**THE RECORDS:**
==========
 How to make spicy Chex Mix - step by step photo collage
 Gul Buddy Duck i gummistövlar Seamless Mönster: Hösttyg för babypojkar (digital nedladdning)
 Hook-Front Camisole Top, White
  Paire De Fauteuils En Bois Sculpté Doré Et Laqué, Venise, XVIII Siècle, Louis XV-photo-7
==========
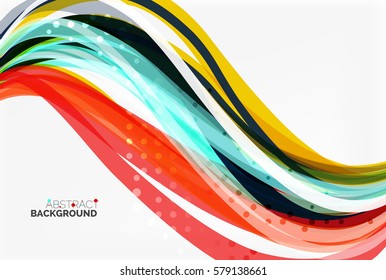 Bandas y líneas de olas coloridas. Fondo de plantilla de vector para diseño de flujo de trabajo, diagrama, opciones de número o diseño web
==========
**ABOUT THIS EXERCISE:** Above are the records; repeat exactly the lines from the one holding "How to make" down to the one holding "Paire De Fauteuils", end lines included.

**WRITTEN REPLY:**
 How to make spicy Chex Mix - step by step photo collage
 Gul Buddy Duck i gummistövlar Seamless Mönster: Hösttyg för babypojkar (digital nedladdning)
 Hook-Front Camisole Top, White
  Paire De Fauteuils En Bois Sculpté Doré Et Laqué, Venise, XVIII Siècle, Louis XV-photo-7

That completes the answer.